**AIM OF THE TASK:** Print all the data that follows exactly, images excluded.

**DATASET EXTRACT:**
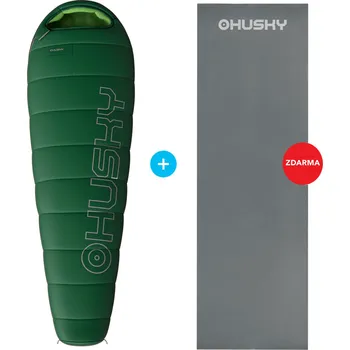 Spacák Husky Monti zelená 195 cm + karimatka Felt šedá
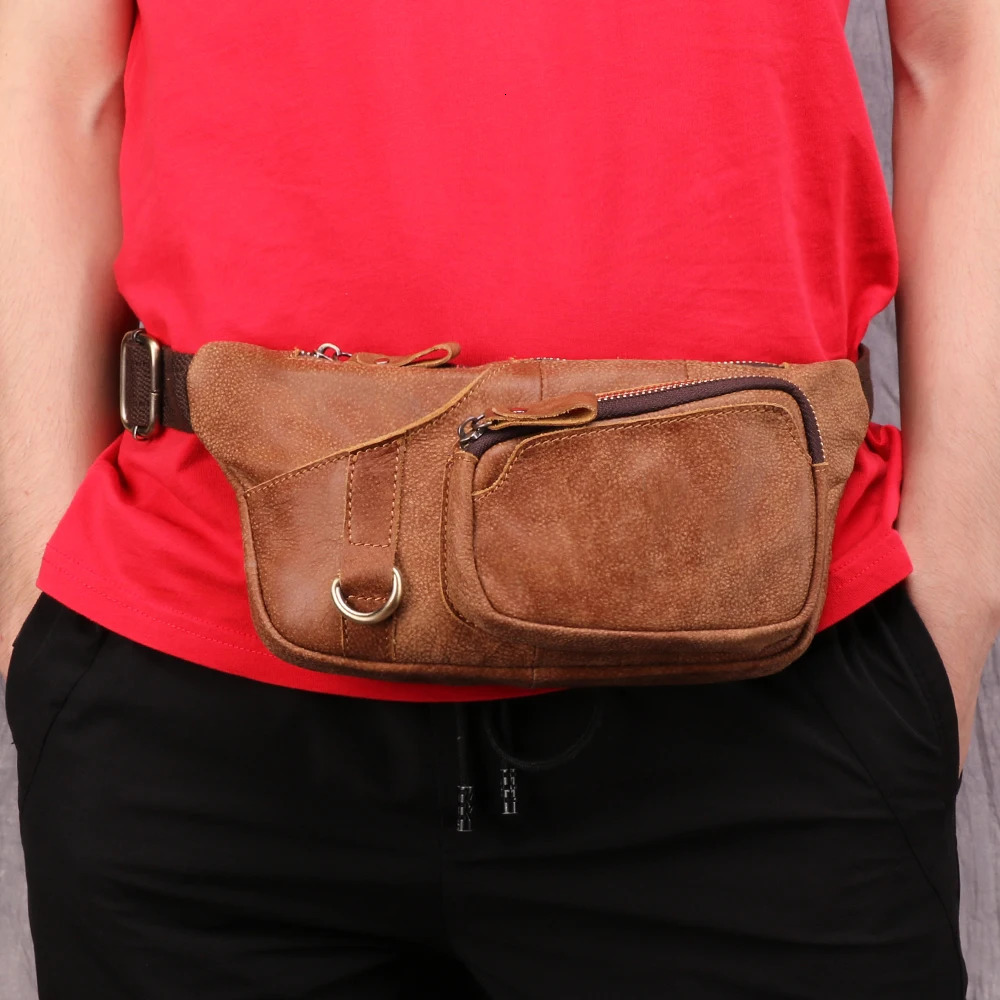 Leather waist bag mens belt bag womens belt bag casual waist bag mobile bag travel bag cross shaped baby shoulder bag241106bj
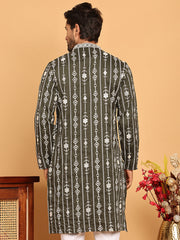 Embroidery and mirror work straight Kurta for Men ( KO 5190 Olive ) [FF] [I-1-4]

**PROBLEM SOLUTION:**
 Spacák Husky Monti zelená 195 cm + karimatka Felt šedá
 Leather waist bag mens belt bag womens belt bag casual waist bag mobile bag travel bag cross shaped baby shoulder bag241106bj
 Embroidery and mirror work straight Kurta for Men ( KO 5190 Olive ) [FF] [I-1-4]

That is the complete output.